* _Assignment_
Transcribe every entry verbatim; omit pictures.
== Data supplied ==
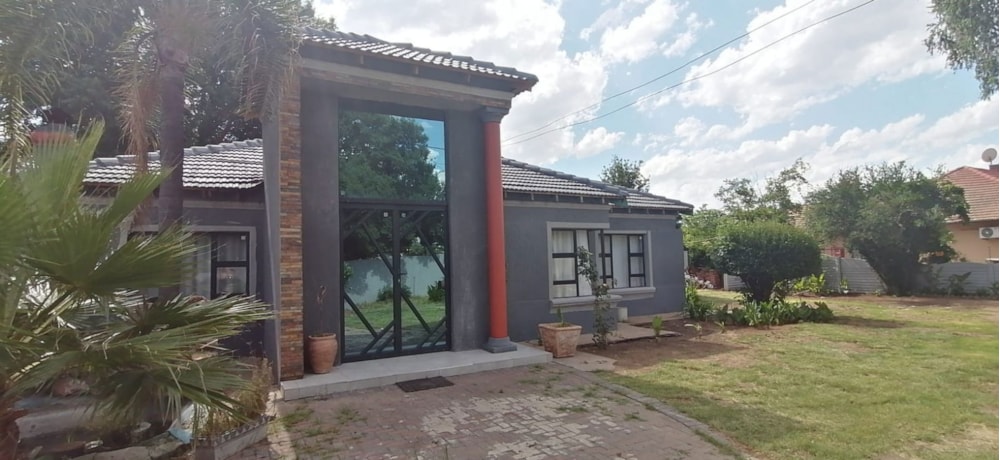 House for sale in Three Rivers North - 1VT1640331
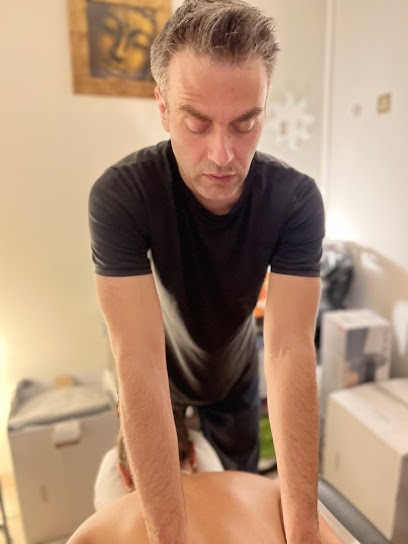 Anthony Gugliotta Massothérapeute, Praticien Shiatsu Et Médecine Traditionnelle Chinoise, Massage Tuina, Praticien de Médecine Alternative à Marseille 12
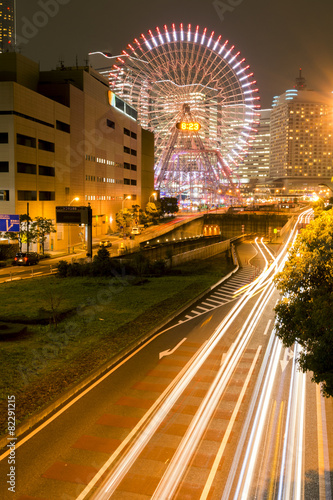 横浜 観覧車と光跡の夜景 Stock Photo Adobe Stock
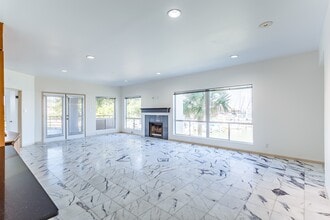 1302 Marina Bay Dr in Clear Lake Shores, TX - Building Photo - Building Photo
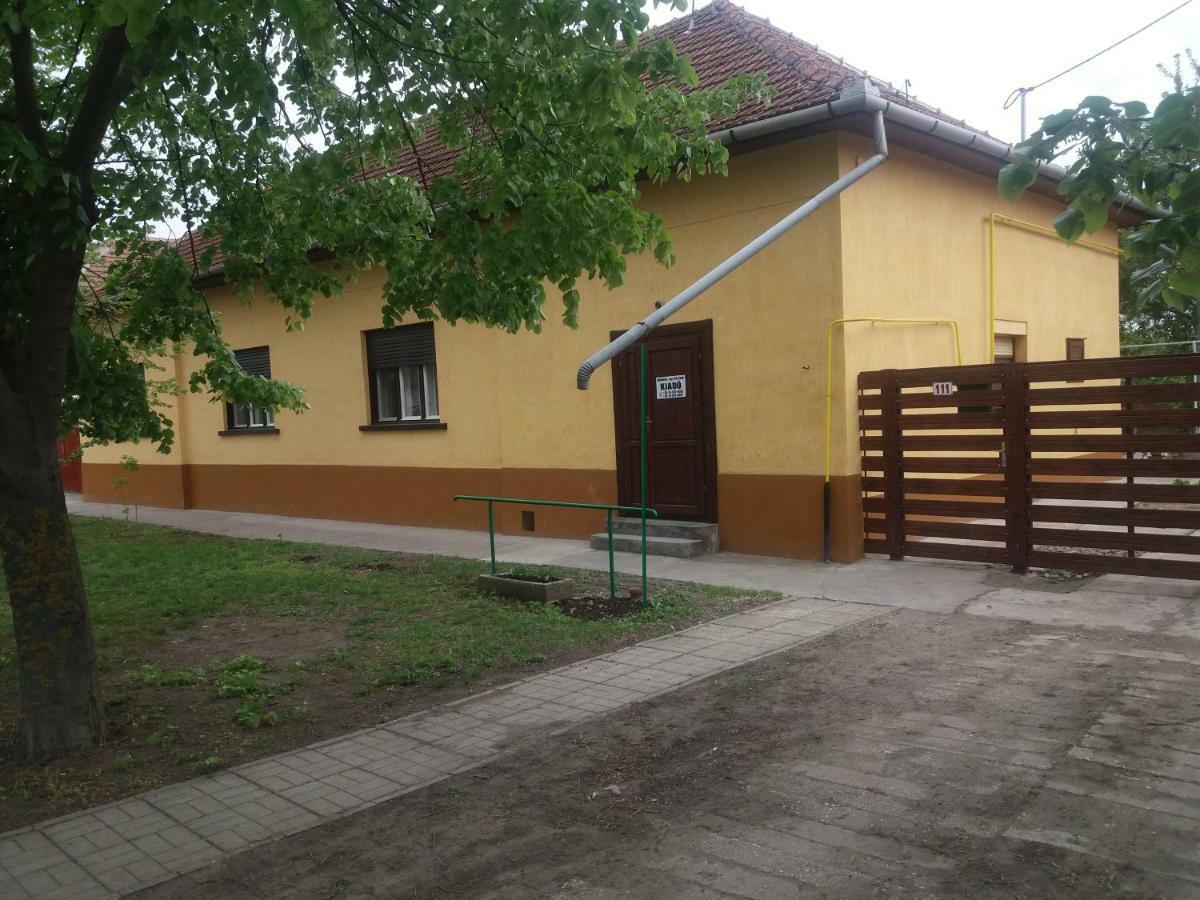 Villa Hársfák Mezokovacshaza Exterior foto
===
* _Answer for this exercise_
 House for sale in Three Rivers North - 1VT1640331
 Anthony Gugliotta Massothérapeute, Praticien Shiatsu Et Médecine Traditionnelle Chinoise, Massage Tuina, Praticien de Médecine Alternative à Marseille 12
 横浜 観覧車と光跡の夜景 Stock Photo Adobe Stock
 1302 Marina Bay Dr in Clear Lake Shores, TX - Building Photo - Building Photo
 Villa Hársfák Mezokovacshaza Exterior foto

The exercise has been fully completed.